Gene Royer is a staunch conservative. He is also a Policy Governance ® consultant and writer. He is the author of School Board Leadership 2000 - The Things Staff Didn't Tell You At Orientation and his international practice is based in Houston

    by Gene Royer

    June 12, 2003

    I often mention my little buddy Ulysis from El Salvador, whom I've known since about 1995. In fact, it's been six years since the day he and his brother Archimedes came to our Memorial Day celebration to help me paint, and Archimedes fell through the grape arbor astraddle a sawhorse. The boy recovered, however not without some difficulty in speaking.

    But this year's Memorial Day did not involve anything more risky than BBQ and cool beverages, as the neighbors were invited to gather beneath my front carport and celebrated this nation's greatness. The two brothers came early to help me set up the tables, build the charcoal fires and stick all the flags in the ground.

    Two young and attractive Mexican women from down the street were the first to arrive. They left bowls of baked beans and traditional, south-of-the-border food and then quickly returned to their houses. I was puzzled by that until I noticed that Ulysis and Archimedes were also missing.

    Presently all four mysteriously reappeared. Ulysis seemed less energetic, and Archimedes's stuttering had nearly disappeared. It was a miracle.

    Luis and Whatshisname, the gay Filipinos next door, rented an inflatable, red white and blue playhouse for the kids to bounce around in; and Leroy Jackson, who lives on the other side, brought a clean Porta-Potty from his jobsite. It kept the foot traffic going and coming along one steady path as the day progressed.
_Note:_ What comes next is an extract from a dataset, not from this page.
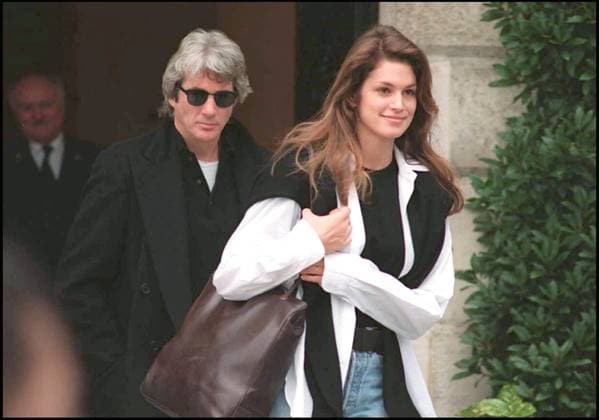 RICHARD GERE und CINDY CRAWFORD HERAUSGEHEN D ein HOTEL A Paris Paris Frankreich  Copyright: xCHARRIAUx xBESTIMAGExCHARRIAUx xBESTIMAGEx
We put Old Glory on the front door, and it proved to be the most favorite area.

    Steve Robertson, the big black man who lives in the house behind me, brought his customary giant, seedless watermelon-thoroughly iced down--and a half-dozen cantaloupes, which he hollowed out and filled with vodka and orange juice. My wife handed out straws to the adults.
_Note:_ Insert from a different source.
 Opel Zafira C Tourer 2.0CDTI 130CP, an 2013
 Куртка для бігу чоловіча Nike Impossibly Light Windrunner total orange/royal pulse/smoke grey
    Mr Tran, the restaurateur, furnished links of jalapeno sausage and a nice, done-to-perfection brisket. His wife was with him. She speaks no English but engages everyone in conversation anyway. She captured me for an incomprehensible monologue, which had to do with the cast on her foot. I understood from Mr Tran that she broke it while playing soccer with the neighbor boy and accidentally kicked a pop-up sprinkler head.
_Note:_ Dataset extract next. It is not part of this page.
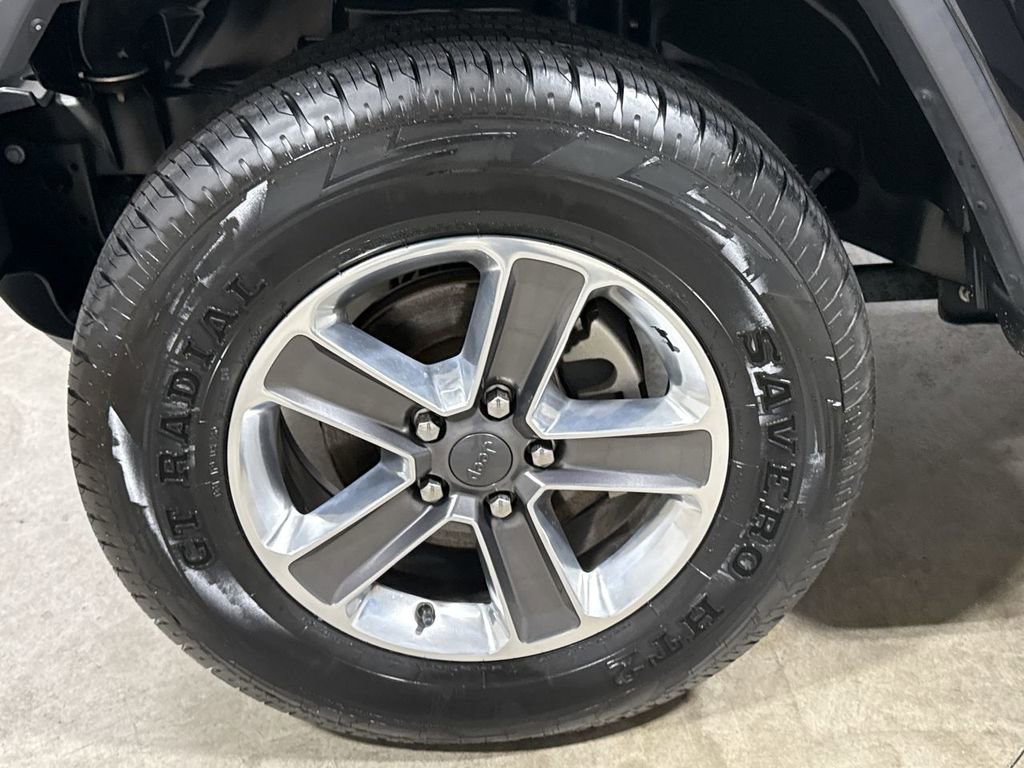Used 2020 Jeep Wrangler Unlimited Sahara image 26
    I made a sympathetic sound and somberly told her I had just undergone a colonscopy the week before and was experiencing some rectal bleeding. Without a clue, she matched my funeraled expression and said two of the few English words she knew from watching Ozzie Osborne. "Fuck you!"

    I nodded and got her a new straw for her cantaloupe.

    Jack and Edna Potter arrived and shared a brisket sandwich. You may recall me mentioning that while helping her husband restore a VW Baja in their garage, Edna slipped and sat down roughly on an oil can spout. The day after she got out of the hospital, the VW rolled off the ramp and across her foot. So, she was having trouble standing-as well as sitting.

    They didn't stay long.

    The Washington boy who dropped out of school, was home on his first leave after Marine Boot. He wore his uniform and said he was leaving for the Philippines next week. We took his picture with Luis and Whatshisname as they waved flags overhead.

    Two kids from a Muslim family down the street were having fun in the inflated playhouse, and Mr Singh from India bounced his grandson on his knee, while his wife pretended to understand Mrs Tran and tried to get a whiff of what she was sipping.

    Haresh Patel, who has the monthly garage sale two streets over, was kind enough to bring six folding chairs and some more flags. He said if I would buy the chairs he would send his son over the next day to mow the grass. The yard looks nice.

    As it turned out, the Potters and my good friend Cason Coolie from Louisiana were the only other Caucasians. And half the people were not citizens. No one else seemed to notice.